Skip the pictures. Copy all the rest of the records down exactly.

#### Material for this task
##############################

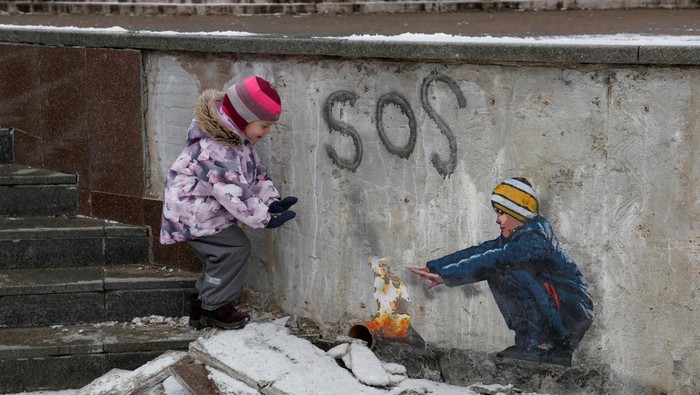 Anastasia, 4, stands next to an artwork of the famous street artist Tvboy in the town centre, amid Russia's attack on Ukraine, in Bucha, outside Kyiv, Ukraine January 29, 2023. REUTERS/Valentyn Ogirenko     TPX IMAGES OF THE DAY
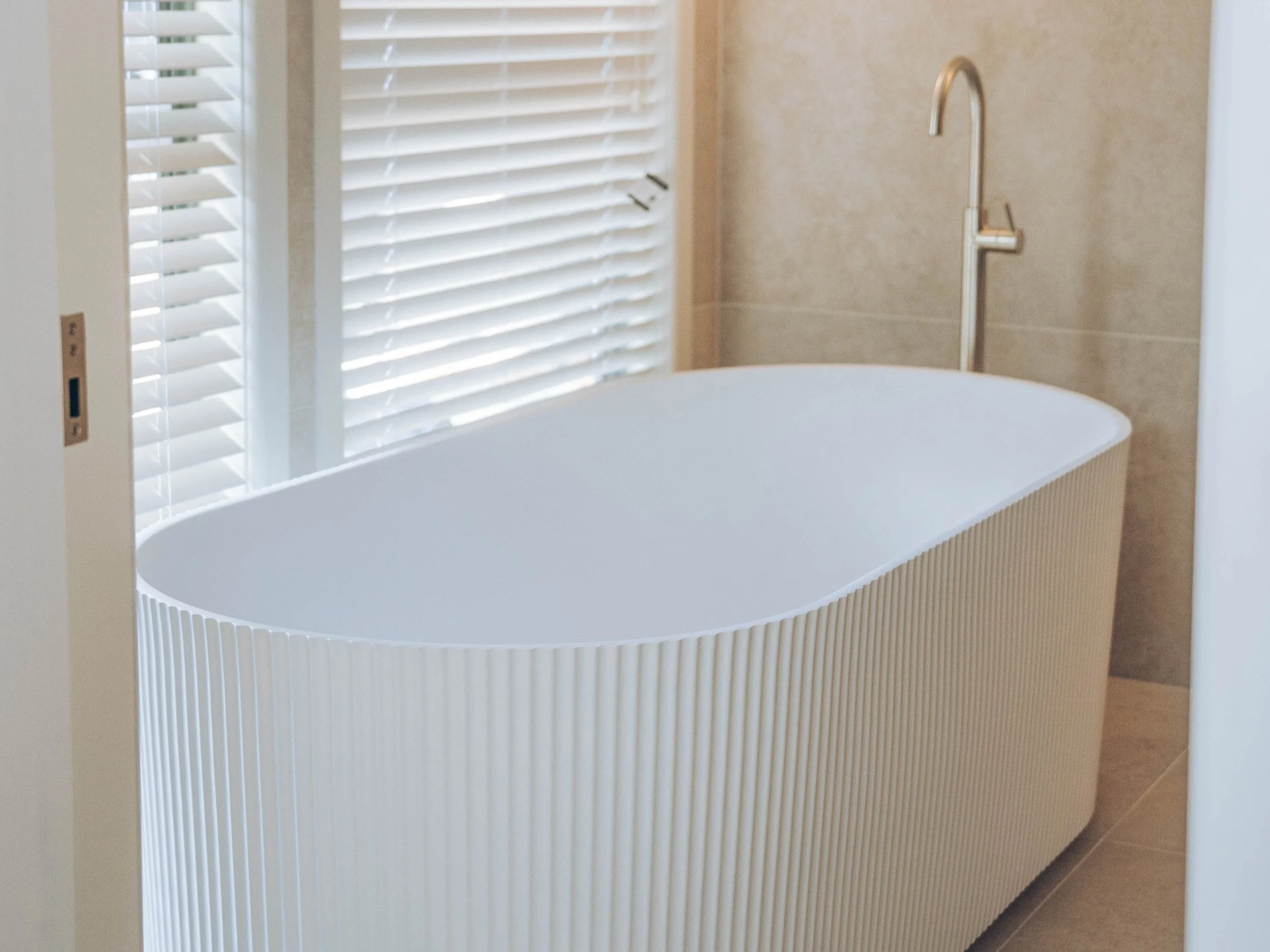Modern freestanding fluted bathtub and a sleek gold faucet, situated near a window with white blinds.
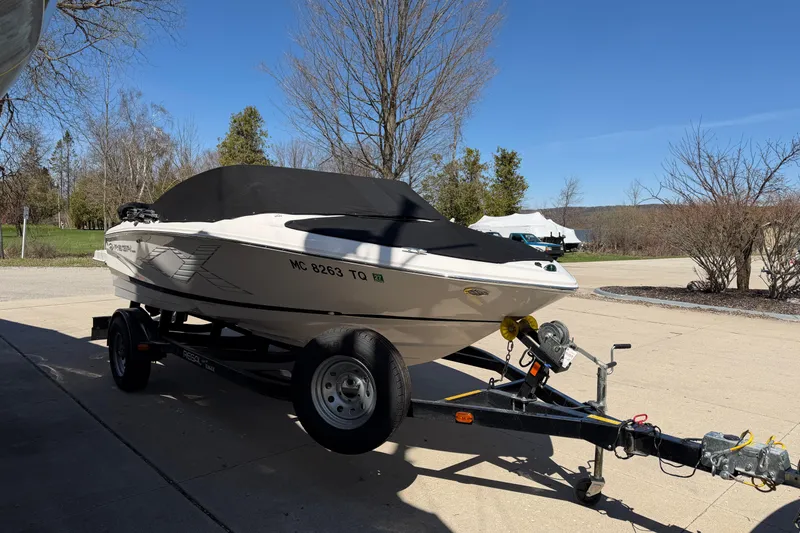 Slide: The Image of 2013 Regal 1900 Bowrider boat on trailer, parked outdoors on a sunny day. - 5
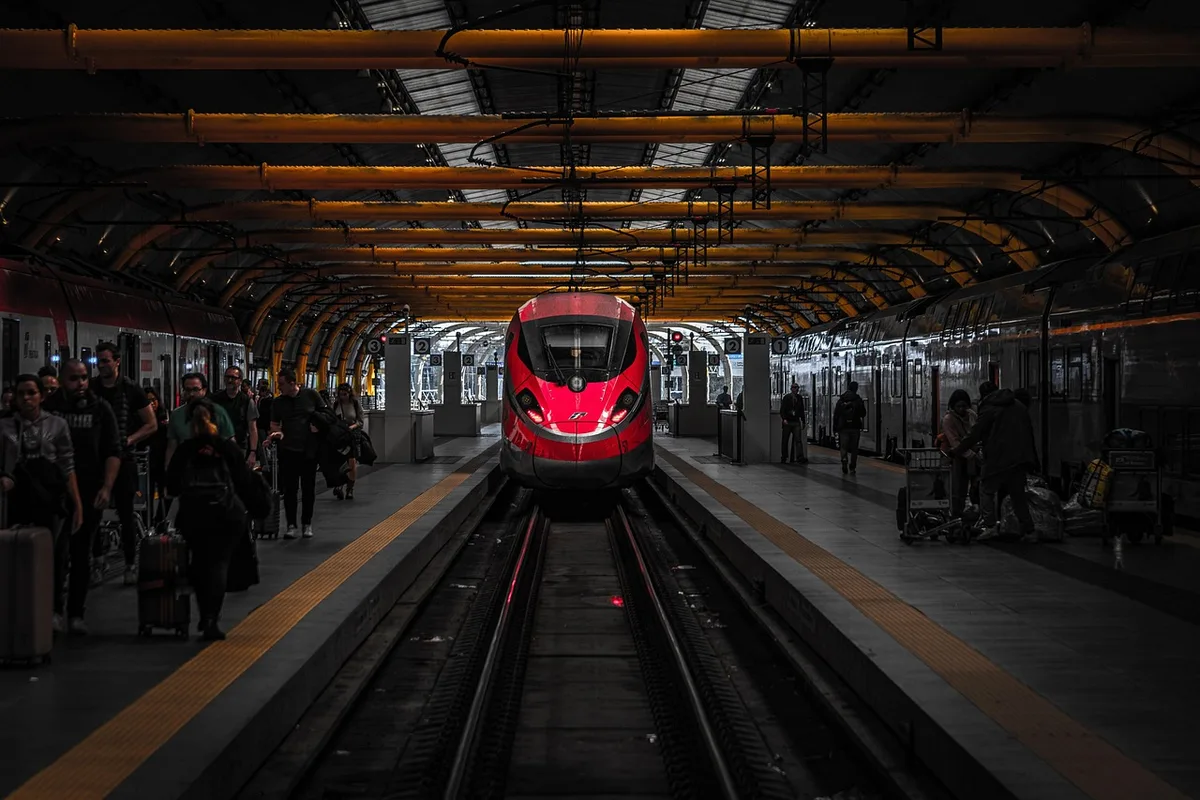 Digitale Auslastungsanzeige auf einem Bahnsteig neben wartenden Fahrgästen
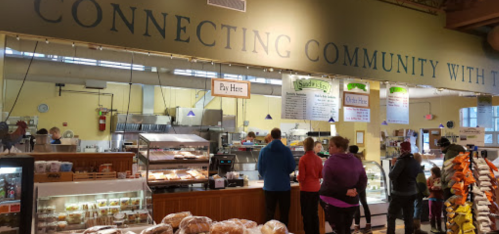 A bustling market with people in line at a food counter, surrounded by baked goods and a sign about community connection.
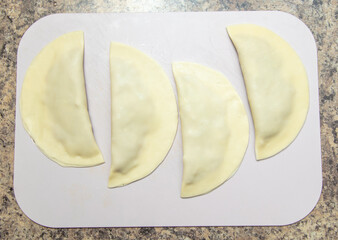 Cooking chebureks from dough and minced meat.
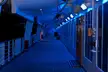 Blue cruise ship deck at night with wooden flooring and blue lights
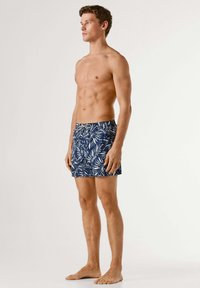 Ung mand, stående barfodet, iført blå badeshorts med hvide bladmotiver, vendt mod venstre mod en ensfarvet lys baggrund.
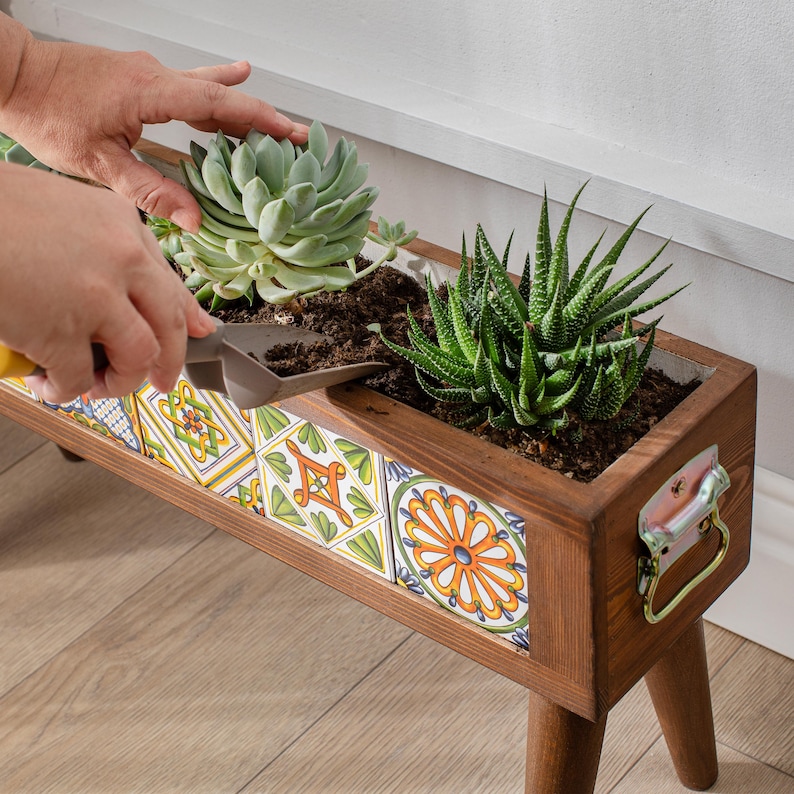 May include: A wooden planter box with a colorful tile design. The planter is filled with soil and succulents. The planter has four legs and a metal handle.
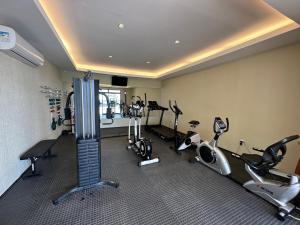 a gym with several exercise bikes and treadmills at Flats Iate Plaza in Fortaleza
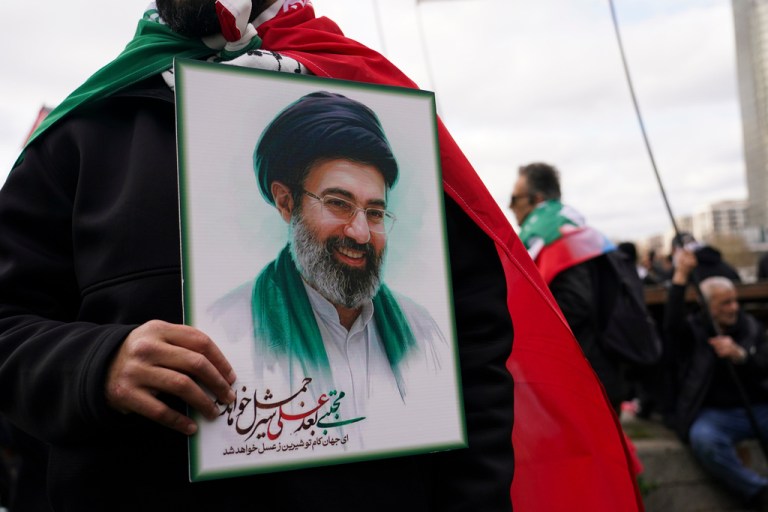 A demonstrator holds a portrait of the Ayatollah Mojtaba Khamenei.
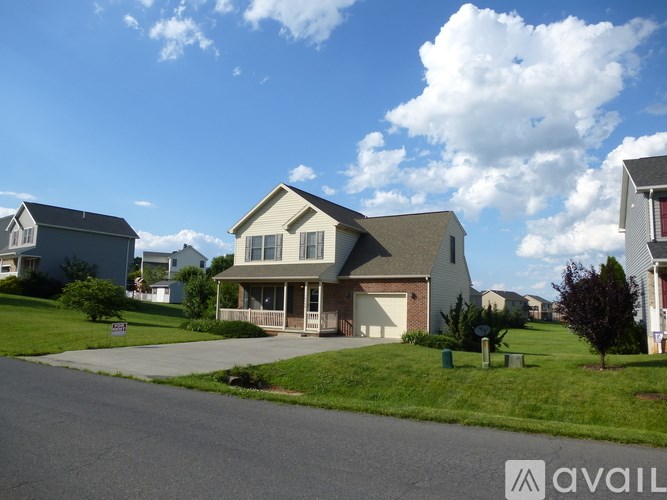 A house with a front yard and a sign that says "available".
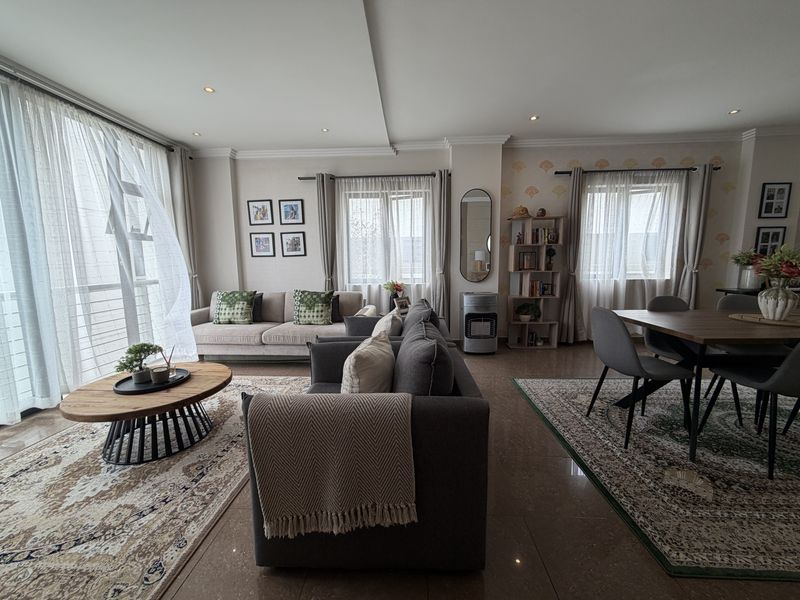 Spacious open-plan living and dining area featuring tiled floors, recessed lighting, and large windows providing ample natural light.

##############################

#### Exercise solution
 Anastasia, 4, stands next to an artwork of the famous street artist Tvboy in the town centre, amid Russia's attack on Ukraine, in Bucha, outside Kyiv, Ukraine January 29, 2023. REUTERS/Valentyn Ogirenko     TPX IMAGES OF THE DAY
Modern freestanding fluted bathtub and a sleek gold faucet, situated near a window with white blinds.
 Slide: The Image of 2013 Regal 1900 Bowrider boat on trailer, parked outdoors on a sunny day. - 5
 Digitale Auslastungsanzeige auf einem Bahnsteig neben wartenden Fahrgästen
 A bustling market with people in line at a food counter, surrounded by baked goods and a sign about community connection.
 Cooking chebureks from dough and minced meat.
 Blue cruise ship deck at night with wooden flooring and blue lights
 Ung mand, stående barfodet, iført blå badeshorts med hvide bladmotiver, vendt mod venstre mod en ensfarvet lys baggrund.
 May include: A wooden planter box with a colorful tile design. The planter is filled with soil and succulents. The planter has four legs and a metal handle.
 a gym with several exercise bikes and treadmills at Flats Iate Plaza in Fortaleza
 A demonstrator holds a portrait of the Ayatollah Mojtaba Khamenei.
 A house with a front yard and a sign that says "available".
 Spacious open-plan living and dining area featuring tiled floors, recessed lighting, and large windows providing ample natural light.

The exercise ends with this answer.